> **ACTIVITY**
Below are entries; copy exactly the lines from the one with "UGREEN NASync DXP2800" through the one with "Women's Sandals YOKONO Red", both included, and leave out the rest.

> **RECORD SET**
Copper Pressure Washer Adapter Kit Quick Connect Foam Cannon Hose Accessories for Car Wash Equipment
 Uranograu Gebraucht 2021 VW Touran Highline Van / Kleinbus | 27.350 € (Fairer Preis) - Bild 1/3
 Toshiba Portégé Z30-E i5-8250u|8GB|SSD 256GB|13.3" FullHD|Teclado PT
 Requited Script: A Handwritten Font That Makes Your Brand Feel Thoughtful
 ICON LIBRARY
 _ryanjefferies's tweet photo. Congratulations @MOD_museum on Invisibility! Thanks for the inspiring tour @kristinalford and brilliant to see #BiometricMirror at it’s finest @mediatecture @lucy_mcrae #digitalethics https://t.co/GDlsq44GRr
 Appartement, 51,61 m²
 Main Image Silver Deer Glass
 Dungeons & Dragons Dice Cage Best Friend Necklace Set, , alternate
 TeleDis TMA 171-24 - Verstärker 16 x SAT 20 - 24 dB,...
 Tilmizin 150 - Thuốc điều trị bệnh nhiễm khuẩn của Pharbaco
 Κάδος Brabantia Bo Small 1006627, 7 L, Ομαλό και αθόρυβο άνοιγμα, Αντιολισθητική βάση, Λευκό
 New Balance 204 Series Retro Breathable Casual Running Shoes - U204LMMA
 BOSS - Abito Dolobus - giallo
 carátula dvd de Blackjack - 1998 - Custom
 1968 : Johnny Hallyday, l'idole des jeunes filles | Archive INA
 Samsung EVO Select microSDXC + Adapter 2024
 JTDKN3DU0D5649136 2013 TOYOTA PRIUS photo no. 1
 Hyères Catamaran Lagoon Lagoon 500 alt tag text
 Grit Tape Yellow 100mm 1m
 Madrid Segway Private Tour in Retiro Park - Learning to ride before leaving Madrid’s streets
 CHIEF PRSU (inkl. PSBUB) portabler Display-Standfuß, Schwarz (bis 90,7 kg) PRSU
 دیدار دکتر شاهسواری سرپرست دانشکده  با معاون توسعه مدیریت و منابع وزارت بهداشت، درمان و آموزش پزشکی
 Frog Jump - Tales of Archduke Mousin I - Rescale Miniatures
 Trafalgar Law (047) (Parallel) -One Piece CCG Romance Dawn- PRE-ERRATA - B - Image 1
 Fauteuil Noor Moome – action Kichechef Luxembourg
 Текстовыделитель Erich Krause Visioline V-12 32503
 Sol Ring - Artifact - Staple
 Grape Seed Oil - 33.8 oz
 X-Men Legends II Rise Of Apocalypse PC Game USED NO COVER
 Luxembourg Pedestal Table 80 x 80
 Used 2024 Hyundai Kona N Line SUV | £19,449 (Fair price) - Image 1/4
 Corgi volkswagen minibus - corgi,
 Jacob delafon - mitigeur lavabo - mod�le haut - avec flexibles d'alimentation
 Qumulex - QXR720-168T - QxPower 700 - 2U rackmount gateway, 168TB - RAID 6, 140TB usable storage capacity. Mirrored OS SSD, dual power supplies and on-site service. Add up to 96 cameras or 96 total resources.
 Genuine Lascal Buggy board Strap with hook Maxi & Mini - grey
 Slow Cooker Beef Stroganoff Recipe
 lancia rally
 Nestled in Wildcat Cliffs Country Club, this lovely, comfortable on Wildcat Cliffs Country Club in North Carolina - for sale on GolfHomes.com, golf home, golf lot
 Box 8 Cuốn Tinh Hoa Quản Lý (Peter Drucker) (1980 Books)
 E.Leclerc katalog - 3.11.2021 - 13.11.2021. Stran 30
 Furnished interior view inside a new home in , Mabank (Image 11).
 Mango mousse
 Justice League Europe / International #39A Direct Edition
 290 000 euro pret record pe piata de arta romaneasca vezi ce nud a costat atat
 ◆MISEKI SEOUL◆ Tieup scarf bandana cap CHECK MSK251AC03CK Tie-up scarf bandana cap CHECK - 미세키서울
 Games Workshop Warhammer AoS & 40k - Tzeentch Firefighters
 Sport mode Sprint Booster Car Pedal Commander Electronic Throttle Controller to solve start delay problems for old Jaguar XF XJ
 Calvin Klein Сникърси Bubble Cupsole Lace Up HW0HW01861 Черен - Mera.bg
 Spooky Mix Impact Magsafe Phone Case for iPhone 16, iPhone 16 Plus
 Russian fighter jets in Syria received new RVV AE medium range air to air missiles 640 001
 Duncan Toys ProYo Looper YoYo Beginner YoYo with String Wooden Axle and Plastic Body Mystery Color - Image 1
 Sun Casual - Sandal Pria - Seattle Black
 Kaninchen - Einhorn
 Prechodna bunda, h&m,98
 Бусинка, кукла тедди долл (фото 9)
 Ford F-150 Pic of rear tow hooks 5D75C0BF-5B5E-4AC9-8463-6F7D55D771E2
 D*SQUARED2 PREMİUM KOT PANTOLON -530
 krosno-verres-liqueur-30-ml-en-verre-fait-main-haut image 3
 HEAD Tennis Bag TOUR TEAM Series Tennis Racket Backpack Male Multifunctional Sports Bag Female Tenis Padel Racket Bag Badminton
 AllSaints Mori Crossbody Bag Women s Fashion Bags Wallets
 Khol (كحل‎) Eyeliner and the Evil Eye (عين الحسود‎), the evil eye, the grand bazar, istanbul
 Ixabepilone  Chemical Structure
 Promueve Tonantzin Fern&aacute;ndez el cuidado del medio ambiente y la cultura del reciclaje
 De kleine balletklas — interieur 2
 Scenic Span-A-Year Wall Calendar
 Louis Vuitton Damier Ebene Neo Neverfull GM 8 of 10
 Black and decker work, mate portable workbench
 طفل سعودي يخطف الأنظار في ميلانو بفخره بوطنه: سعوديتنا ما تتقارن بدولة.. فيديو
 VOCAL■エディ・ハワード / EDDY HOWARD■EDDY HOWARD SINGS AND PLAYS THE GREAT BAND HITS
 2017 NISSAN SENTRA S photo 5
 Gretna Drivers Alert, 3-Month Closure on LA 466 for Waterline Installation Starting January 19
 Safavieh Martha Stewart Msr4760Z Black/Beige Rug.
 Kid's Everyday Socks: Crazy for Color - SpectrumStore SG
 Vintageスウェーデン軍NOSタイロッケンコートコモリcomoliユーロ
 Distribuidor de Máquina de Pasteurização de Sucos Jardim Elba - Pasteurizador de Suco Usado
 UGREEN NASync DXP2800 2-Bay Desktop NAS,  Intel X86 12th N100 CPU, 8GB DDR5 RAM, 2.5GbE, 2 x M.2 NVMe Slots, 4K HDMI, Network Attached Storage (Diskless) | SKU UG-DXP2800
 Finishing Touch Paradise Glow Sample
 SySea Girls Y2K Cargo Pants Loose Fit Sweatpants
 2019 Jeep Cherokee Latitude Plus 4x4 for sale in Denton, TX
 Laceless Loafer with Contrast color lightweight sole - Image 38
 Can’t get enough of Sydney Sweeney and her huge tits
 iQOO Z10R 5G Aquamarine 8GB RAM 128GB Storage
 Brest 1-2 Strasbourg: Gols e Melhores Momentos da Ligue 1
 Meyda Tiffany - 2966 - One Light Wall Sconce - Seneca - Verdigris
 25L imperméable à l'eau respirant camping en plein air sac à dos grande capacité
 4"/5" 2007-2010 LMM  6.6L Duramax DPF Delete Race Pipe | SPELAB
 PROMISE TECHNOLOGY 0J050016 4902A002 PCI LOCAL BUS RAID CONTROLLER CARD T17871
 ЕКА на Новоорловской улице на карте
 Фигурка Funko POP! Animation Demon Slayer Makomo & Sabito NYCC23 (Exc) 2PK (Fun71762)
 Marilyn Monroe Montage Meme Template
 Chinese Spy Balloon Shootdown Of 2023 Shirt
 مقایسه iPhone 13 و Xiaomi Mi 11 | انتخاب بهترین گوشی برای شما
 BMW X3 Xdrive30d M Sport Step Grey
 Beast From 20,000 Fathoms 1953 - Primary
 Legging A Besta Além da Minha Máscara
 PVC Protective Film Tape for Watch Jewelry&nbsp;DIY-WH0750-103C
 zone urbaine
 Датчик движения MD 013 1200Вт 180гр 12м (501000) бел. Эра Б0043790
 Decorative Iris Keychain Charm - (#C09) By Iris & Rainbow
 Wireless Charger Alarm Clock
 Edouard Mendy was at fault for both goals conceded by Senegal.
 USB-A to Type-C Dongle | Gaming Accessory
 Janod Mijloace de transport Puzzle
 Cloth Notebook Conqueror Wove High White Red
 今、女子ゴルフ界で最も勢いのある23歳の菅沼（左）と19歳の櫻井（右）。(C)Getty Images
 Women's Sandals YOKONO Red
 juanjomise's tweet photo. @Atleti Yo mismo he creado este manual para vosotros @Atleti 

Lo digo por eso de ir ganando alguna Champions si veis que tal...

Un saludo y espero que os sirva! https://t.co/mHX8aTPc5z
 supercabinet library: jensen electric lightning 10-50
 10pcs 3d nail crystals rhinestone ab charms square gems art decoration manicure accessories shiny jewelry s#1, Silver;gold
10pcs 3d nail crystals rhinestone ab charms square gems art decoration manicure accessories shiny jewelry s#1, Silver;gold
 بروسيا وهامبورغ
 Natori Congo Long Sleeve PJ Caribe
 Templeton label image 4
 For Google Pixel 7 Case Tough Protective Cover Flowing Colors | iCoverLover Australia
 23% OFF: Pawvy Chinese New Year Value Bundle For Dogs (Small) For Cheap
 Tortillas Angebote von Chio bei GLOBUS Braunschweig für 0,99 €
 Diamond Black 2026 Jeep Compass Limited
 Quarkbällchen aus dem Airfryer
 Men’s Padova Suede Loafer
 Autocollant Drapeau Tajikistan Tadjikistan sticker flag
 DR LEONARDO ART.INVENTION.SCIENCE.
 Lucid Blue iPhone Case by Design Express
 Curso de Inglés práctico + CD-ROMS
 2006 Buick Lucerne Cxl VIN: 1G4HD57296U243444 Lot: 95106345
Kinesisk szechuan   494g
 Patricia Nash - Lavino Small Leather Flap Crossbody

> **SOLUTION FOR THIS PROBLEM**
 UGREEN NASync DXP2800 2-Bay Desktop NAS,  Intel X86 12th N100 CPU, 8GB DDR5 RAM, 2.5GbE, 2 x M.2 NVMe Slots, 4K HDMI, Network Attached Storage (Diskless) | SKU UG-DXP2800
 Finishing Touch Paradise Glow Sample
 SySea Girls Y2K Cargo Pants Loose Fit Sweatpants
 2019 Jeep Cherokee Latitude Plus 4x4 for sale in Denton, TX
 Laceless Loafer with Contrast color lightweight sole - Image 38
 Can’t get enough of Sydney Sweeney and her huge tits
 iQOO Z10R 5G Aquamarine 8GB RAM 128GB Storage
 Brest 1-2 Strasbourg: Gols e Melhores Momentos da Ligue 1
 Meyda Tiffany - 2966 - One Light Wall Sconce - Seneca - Verdigris
 25L imperméable à l'eau respirant camping en plein air sac à dos grande capacité
 4"/5" 2007-2010 LMM  6.6L Duramax DPF Delete Race Pipe | SPELAB
 PROMISE TECHNOLOGY 0J050016 4902A002 PCI LOCAL BUS RAID CONTROLLER CARD T17871
 ЕКА на Новоорловской улице на карте
 Фигурка Funko POP! Animation Demon Slayer Makomo & Sabito NYCC23 (Exc) 2PK (Fun71762)
 Marilyn Monroe Montage Meme Template
 Chinese Spy Balloon Shootdown Of 2023 Shirt
 مقایسه iPhone 13 و Xiaomi Mi 11 | انتخاب بهترین گوشی برای شما
 BMW X3 Xdrive30d M Sport Step Grey
 Beast From 20,000 Fathoms 1953 - Primary
 Legging A Besta Além da Minha Máscara
 PVC Protective Film Tape for Watch Jewelry&nbsp;DIY-WH0750-103C
 zone urbaine
 Датчик движения MD 013 1200Вт 180гр 12м (501000) бел. Эра Б0043790
 Decorative Iris Keychain Charm - (#C09) By Iris & Rainbow
 Wireless Charger Alarm Clock
 Edouard Mendy was at fault for both goals conceded by Senegal.
 USB-A to Type-C Dongle | Gaming Accessory
 Janod Mijloace de transport Puzzle
 Cloth Notebook Conqueror Wove High White Red
 今、女子ゴルフ界で最も勢いのある23歳の菅沼（左）と19歳の櫻井（右）。(C)Getty Images
 Women's Sandals YOKONO Red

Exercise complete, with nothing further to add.